Each line of the data below that includes the string "Dress" must be copied.

>>>

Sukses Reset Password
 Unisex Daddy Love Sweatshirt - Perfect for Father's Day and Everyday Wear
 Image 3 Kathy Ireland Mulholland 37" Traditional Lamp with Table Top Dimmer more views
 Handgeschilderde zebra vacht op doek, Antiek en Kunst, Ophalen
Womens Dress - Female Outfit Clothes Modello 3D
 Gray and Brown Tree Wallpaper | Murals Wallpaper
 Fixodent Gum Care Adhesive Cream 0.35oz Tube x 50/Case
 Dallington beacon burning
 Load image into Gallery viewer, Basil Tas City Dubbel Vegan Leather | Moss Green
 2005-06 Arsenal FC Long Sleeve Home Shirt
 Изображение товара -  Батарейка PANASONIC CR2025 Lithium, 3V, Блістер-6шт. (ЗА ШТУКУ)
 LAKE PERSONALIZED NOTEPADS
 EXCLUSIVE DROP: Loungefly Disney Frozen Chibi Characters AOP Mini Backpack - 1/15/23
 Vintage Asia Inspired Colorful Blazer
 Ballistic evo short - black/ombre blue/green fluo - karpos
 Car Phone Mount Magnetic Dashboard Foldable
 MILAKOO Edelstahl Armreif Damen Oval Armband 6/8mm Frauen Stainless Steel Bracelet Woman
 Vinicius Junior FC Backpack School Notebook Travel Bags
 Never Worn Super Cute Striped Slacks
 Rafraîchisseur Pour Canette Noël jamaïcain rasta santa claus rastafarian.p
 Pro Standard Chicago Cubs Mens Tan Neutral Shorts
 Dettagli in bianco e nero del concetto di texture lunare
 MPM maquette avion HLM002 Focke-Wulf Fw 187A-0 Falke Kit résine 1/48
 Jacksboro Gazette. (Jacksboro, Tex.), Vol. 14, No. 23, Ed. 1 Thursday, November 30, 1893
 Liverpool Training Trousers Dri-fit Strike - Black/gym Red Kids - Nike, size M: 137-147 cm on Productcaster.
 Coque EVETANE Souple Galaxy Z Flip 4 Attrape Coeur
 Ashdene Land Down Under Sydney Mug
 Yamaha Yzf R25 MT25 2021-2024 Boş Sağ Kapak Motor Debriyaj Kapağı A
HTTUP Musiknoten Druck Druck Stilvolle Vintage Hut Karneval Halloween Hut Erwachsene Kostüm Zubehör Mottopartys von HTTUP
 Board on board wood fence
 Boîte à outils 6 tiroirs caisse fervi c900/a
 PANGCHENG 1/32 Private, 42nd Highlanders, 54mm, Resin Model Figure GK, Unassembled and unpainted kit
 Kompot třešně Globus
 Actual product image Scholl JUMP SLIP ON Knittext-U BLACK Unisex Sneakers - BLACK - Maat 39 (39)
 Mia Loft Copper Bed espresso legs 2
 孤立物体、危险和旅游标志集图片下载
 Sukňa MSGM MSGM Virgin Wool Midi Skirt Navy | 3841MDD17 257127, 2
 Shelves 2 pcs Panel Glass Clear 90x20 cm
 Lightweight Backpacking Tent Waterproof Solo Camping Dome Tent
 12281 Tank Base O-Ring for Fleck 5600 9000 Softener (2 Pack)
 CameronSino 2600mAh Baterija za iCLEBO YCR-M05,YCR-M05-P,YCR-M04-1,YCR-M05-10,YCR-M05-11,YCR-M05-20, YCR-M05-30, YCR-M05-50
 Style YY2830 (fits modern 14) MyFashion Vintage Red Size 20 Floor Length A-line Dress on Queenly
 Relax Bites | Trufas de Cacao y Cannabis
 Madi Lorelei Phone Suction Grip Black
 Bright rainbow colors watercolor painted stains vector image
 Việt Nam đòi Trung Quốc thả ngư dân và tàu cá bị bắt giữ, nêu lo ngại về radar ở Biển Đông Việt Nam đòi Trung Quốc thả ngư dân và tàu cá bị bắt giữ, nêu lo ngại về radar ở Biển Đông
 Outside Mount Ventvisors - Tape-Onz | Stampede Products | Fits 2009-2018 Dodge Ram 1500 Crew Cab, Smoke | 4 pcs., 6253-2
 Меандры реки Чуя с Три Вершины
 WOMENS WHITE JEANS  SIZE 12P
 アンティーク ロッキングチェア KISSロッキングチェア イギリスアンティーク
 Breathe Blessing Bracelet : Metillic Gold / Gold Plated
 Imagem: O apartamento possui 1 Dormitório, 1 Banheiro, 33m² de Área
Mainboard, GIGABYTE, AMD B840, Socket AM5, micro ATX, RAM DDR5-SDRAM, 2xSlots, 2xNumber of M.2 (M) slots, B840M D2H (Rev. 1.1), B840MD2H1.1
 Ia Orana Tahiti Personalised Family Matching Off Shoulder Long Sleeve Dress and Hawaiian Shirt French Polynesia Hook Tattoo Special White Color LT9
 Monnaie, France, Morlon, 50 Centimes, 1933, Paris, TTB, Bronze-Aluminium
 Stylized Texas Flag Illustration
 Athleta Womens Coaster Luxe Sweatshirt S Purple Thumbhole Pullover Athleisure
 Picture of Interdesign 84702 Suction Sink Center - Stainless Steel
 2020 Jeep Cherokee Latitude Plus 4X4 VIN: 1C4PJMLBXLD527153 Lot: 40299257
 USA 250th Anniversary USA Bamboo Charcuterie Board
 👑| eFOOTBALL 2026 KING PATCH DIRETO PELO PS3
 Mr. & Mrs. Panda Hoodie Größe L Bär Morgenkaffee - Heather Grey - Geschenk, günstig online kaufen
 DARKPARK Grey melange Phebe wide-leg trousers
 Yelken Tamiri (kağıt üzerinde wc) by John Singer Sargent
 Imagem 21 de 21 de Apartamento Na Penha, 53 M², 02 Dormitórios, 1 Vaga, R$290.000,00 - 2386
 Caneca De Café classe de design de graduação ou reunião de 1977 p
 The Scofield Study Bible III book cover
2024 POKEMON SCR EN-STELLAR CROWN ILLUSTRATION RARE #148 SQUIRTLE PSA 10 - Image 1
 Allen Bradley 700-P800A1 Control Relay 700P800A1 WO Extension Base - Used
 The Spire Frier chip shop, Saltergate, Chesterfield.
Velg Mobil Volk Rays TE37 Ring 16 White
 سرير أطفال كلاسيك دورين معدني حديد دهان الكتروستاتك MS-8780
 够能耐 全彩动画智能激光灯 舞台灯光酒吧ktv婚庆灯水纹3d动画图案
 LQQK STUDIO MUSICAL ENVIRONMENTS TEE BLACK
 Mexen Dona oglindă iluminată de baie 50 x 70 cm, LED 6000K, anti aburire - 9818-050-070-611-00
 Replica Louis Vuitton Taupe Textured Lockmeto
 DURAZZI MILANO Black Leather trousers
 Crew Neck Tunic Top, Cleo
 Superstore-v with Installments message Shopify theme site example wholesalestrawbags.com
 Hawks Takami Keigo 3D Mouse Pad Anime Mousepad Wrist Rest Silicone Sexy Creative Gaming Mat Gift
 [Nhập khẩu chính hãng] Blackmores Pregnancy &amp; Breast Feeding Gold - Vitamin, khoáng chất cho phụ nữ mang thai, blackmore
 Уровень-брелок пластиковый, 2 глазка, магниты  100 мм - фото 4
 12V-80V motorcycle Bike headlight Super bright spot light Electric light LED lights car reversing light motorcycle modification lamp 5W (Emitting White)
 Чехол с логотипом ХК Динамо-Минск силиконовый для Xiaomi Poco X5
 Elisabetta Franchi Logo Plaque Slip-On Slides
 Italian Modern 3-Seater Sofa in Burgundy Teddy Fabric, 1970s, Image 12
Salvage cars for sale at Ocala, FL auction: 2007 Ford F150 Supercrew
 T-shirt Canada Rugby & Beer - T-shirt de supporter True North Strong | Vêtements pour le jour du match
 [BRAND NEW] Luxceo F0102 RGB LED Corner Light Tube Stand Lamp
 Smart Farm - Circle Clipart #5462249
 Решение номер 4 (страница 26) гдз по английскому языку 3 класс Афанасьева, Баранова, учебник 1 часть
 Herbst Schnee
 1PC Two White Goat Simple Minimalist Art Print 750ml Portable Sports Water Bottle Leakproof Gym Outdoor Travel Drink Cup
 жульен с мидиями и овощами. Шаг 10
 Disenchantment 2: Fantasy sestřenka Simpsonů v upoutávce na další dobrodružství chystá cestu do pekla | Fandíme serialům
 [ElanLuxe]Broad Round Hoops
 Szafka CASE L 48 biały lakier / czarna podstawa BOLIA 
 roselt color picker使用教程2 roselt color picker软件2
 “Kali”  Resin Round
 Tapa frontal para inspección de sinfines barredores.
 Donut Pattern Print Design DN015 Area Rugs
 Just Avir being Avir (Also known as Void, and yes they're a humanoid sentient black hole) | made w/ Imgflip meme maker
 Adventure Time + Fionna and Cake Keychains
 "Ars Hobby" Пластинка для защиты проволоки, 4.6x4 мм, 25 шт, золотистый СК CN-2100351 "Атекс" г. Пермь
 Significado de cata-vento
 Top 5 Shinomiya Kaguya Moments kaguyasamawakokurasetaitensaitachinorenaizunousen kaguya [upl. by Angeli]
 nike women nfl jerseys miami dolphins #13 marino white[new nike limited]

<<<

*SOLVED PROBLEM:*
Womens Dress - Female Outfit Clothes Modello 3D
 Style YY2830 (fits modern 14) MyFashion Vintage Red Size 20 Floor Length A-line Dress on Queenly
 Ia Orana Tahiti Personalised Family Matching Off Shoulder Long Sleeve Dress and Hawaiian Shirt French Polynesia Hook Tattoo Special White Color LT9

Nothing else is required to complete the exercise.